The Star·12/19/2025 23:00:00
語音播報

WHEN Joanne Huang picked up baking over a decade ago, she did not expect it to become her life’s work. What began as an act of love to ease her baker husband’s workload ended up taking her to the global stage.

In July, the 44-year-old Singaporean received the World Confectioner of the Year 2025 award at the International Union of Bakers and Confectioners Awards in Sao Paulo, Brazil.

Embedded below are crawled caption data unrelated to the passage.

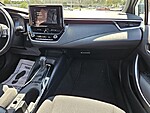 Used 2023 TOYOTA COROLLA SE CVT in LUMBERTON, NORTH CAROLINA (Photo 13)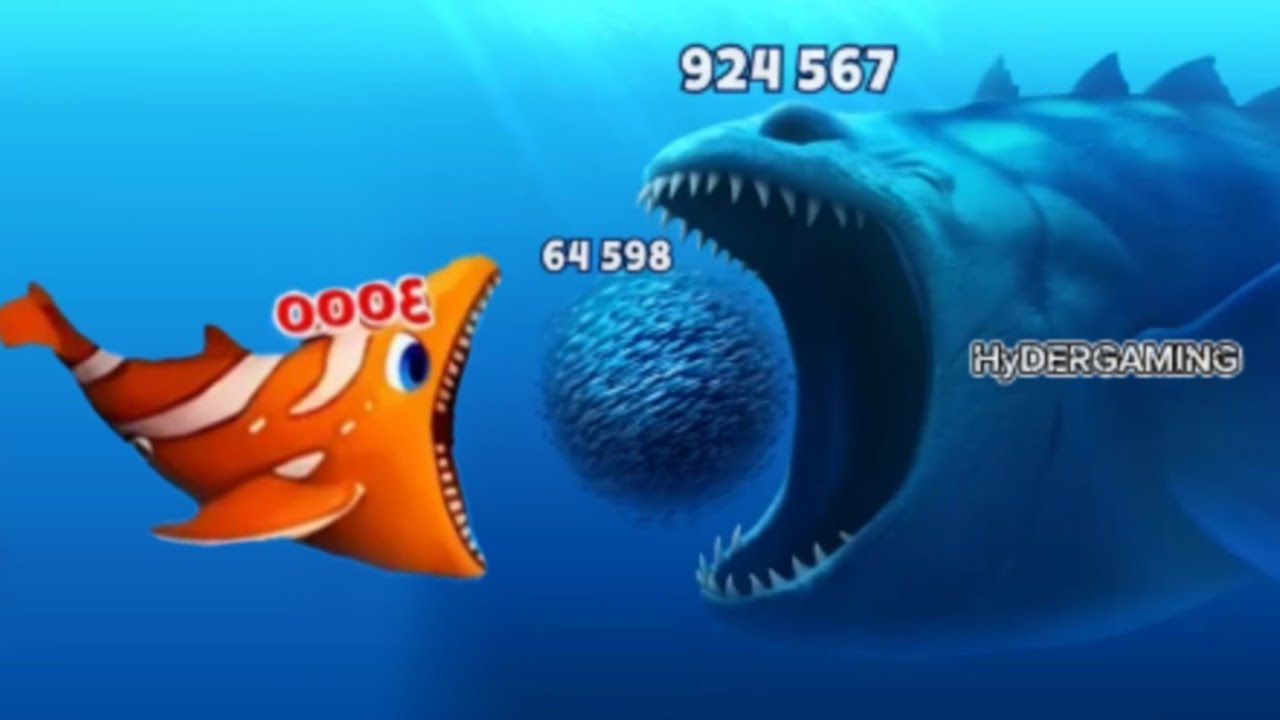 Fishdom🐠 Ads Mini Games New 3.73 Update video  Hungry Fishs🐟 Gameplay 2025 Hyder Gaming yt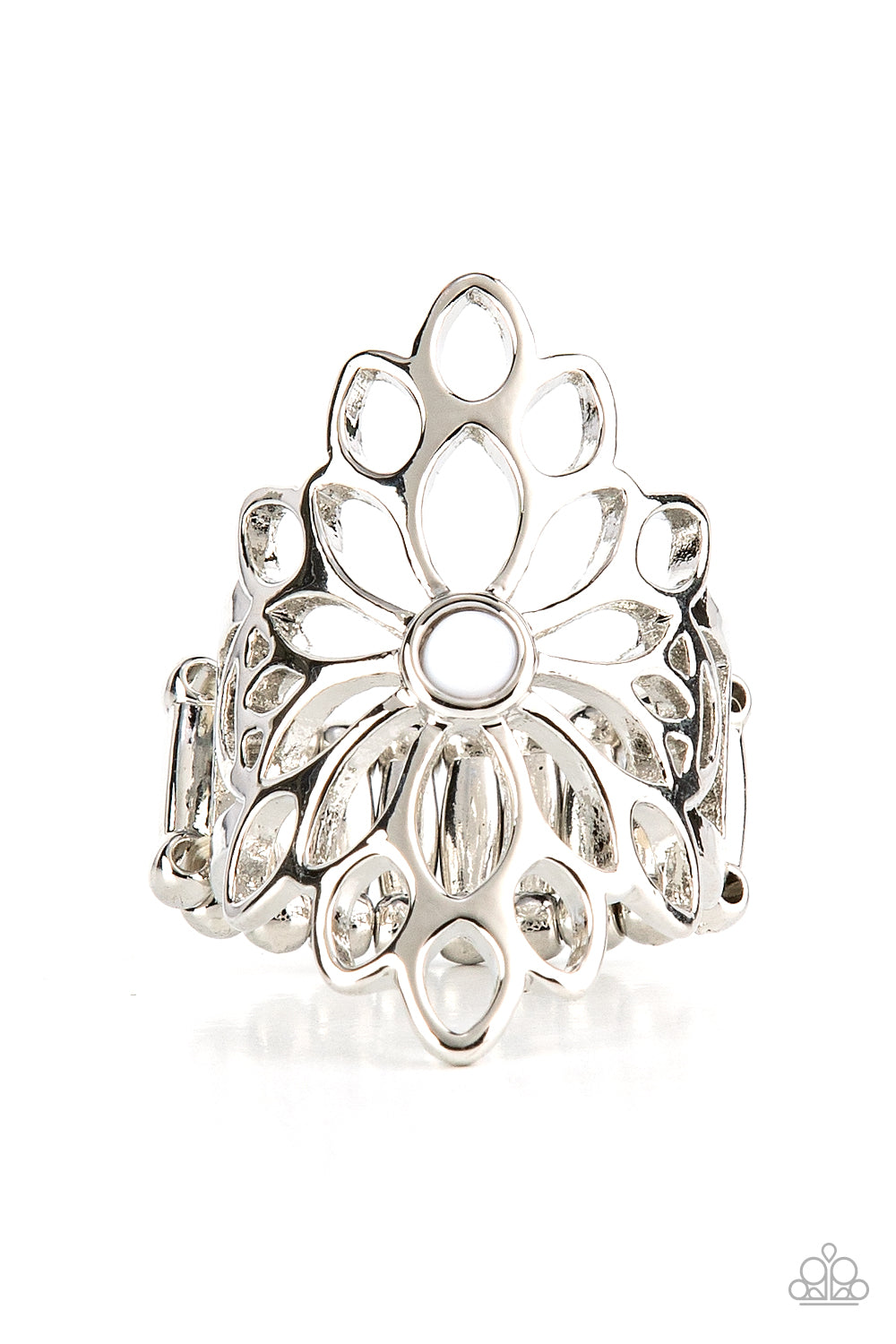 Perennial Daydream - White (R928)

Although she sees herself as still a rookie in the industry, she is the first South-East Asian woman to earn the title.

She learnt how to bake in 2014 to help out her husband, Forest Lim, 49. She watched him wake up five days a week at 2am to make curry puffs, doughnuts and egg tarts before delivering them to seven school canteens.

Pregnant with their second child then, she could only help with packing and accompanying him on his delivery runs.

The couple and their son, then two years old, lived in an HDB flat above Lim’s family bakery – founded in 1979 as New Generation Confectionery in Ang Mo Kio Avenue 1 – while waiting for their own flat to be ready.

Born in Taiwan, Huang moved to Singapore in early 2012, after a whirlwind one-month romance with Lim, whom she met while working has a dance instructor in November 2011.

She married him in May the following year and became a stay-at-home mother.

“It pained me to see my husband working so hard and I wanted to find some way to help him,” she recalls.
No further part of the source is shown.